Harassment, unlike assault, does not require proof of physical injury, only the intent to alarm, harass or annoy a person, Chiu said, in this case, doing so by threatening to kick, strike, hit or touch another person.

Since this charge is the only tie into conduct outside of the SUV, it is possible that jurors weighed moments in the surveillance footage that show Majors shoving Jabbari back inside the SUV, as well as other instances where he pushed her away as she made chase.

Cucolo said the jury’s decision to believe Jabbari’s story, even in part, can be validating to other victims of domestic or intimate partner violence.

“Even with all of the attempts to put out negative information or paint a negative picture of the victim, despite that, there was still a conviction in this case,” she said, referring to the intense cross-examination of Jabbari from defense attorneys during several days of emotional testimony. “And this isn’t a situation where we’re looking at severe injuries as a result of domestic violence yet, even so, it was enough to hold an aggressor, a perpetrator accountable — I think that that’s an important message.”

Will Majors get jail time?

Though Majors’ conviction holds a maximum jail sentence of one year, it is unlikely he will be incarcerated, Chiu and Cucolo said, especially since the actor does not have any prior criminal convictions.

However, it remains a possibility that given the high-profile nature of the case, the judge may want to make an example of Majors, Cucolo said.

Jonathan Majors leaves a courtroom in a gray suit next to Megan Good who is dressed in black

After Jonathan Majors’ conviction, his defense attorney said the actor “looks forward to fully clearing his name.”

(Seth Wenig / Associated Press)

“The sentencing may very well be tied to who Jonathan Majors is, and how this case has been portrayed in the media to the public and whether or not an example needs to be set,” she said.

Even so, both pointed to Manhattan Dist.

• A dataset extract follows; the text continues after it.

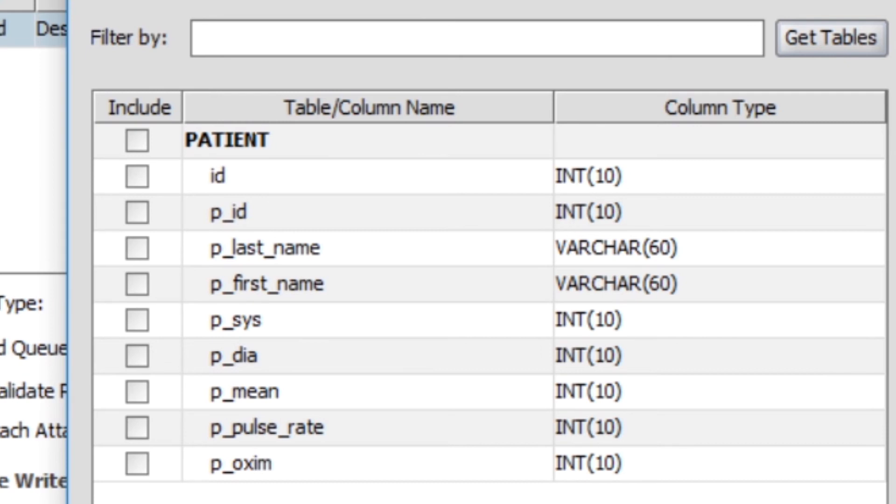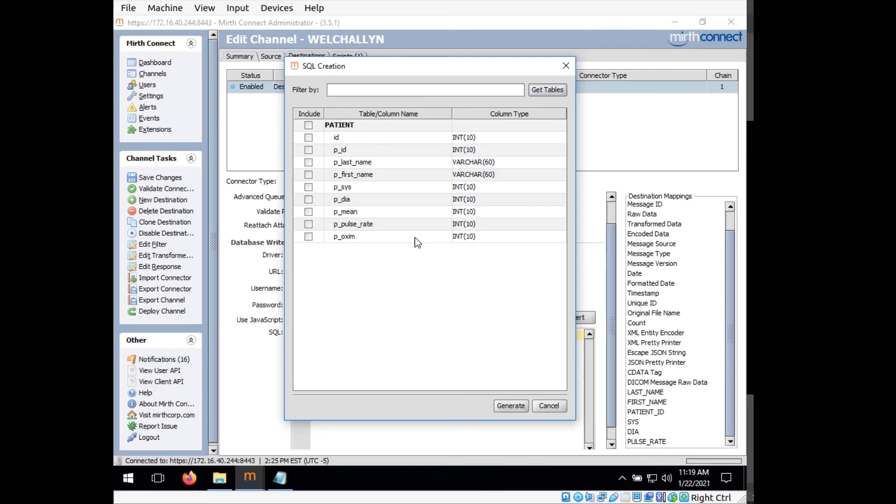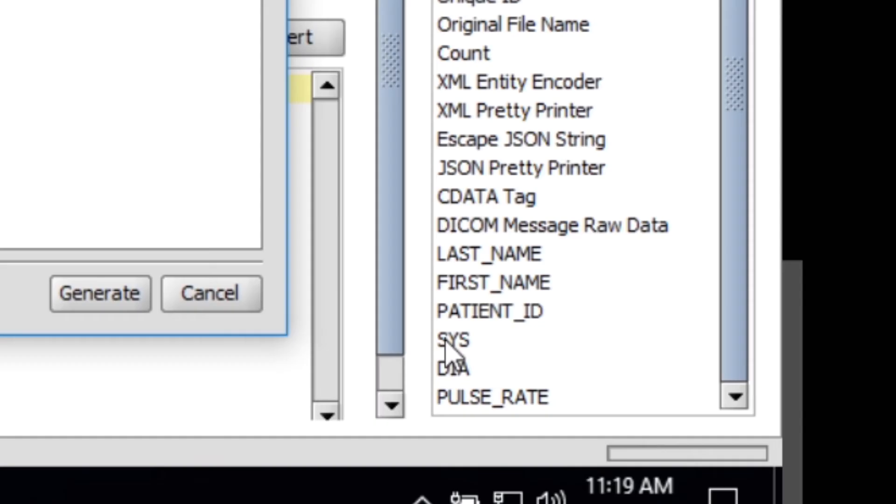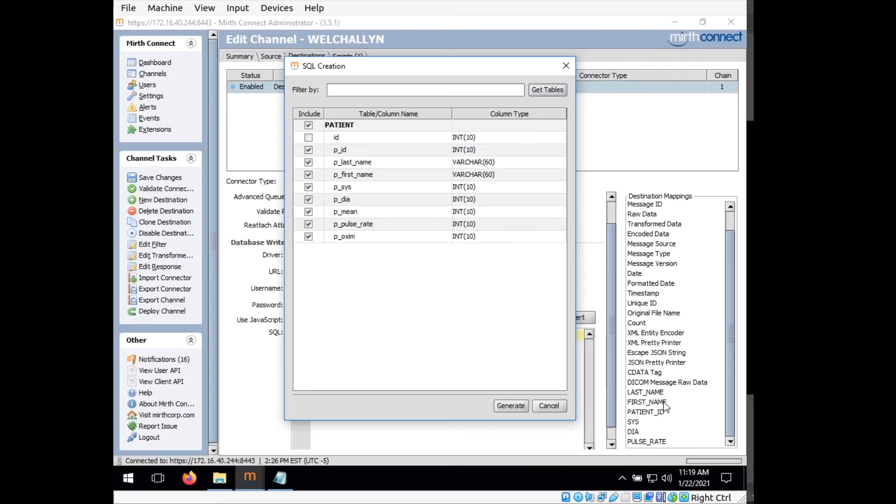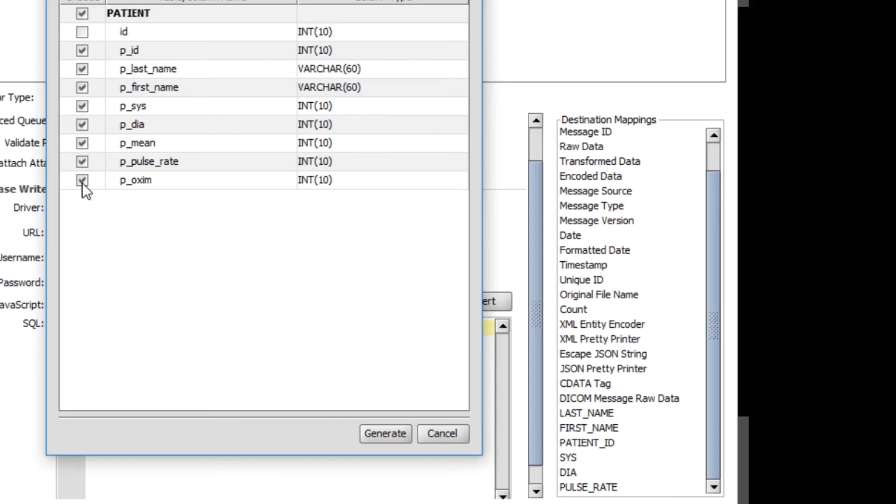So what I'm going to do is select include on patient, but deselect ID. And you can see over here that we have some of these ones in all uppercase. These are the available fields that are present for our device. So we have last name, first name, patient ID, and then three of the vital signs information. So what we want to do is just deselect the ones that are not in that list, so the oximetry, the mean, and pulse rate.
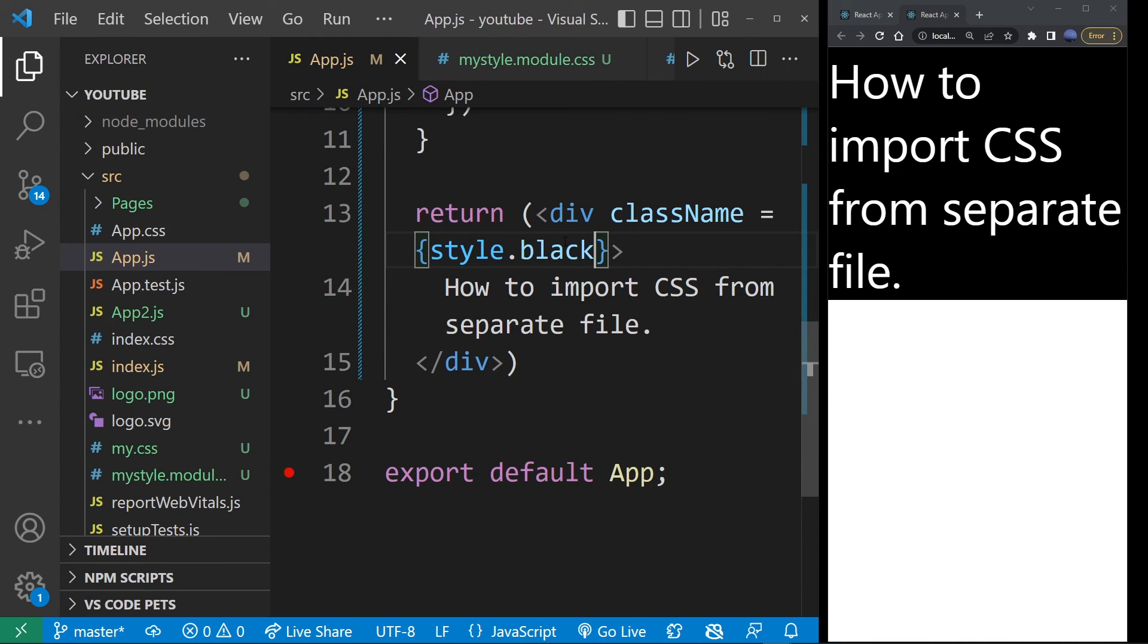Guys, this is pretty much the basics of importing and setting your CSS code to a React component.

Atty. Alvin Bragg’s robust system of alternatives to jail and prison time. Known as a progressive district attorney, Bragg has touted his Pathways to Public Safety division, which bolsters programs that provide counseling, restorative justice practices and other forms of support for both victim and perpetrator. Probation is also a possible outcome, both added.

Representatives for the D.A.’s office declined to comment on sentencing recommendations it may be pursuing for Majors. A sentencing hearing is set for Feb. 6. However, at the close of trial, Gaffey said that date could be delayed if Majors’ attorneys file any motions to appeal the conviction.

After the jury’s decision on Monday, Majors’ attorney Priya Chaudhry suggested such an appeal is likely.

“Mr. Majors still has faith in the process,” she said in a statement, “and looks forward to fully clearing his name.”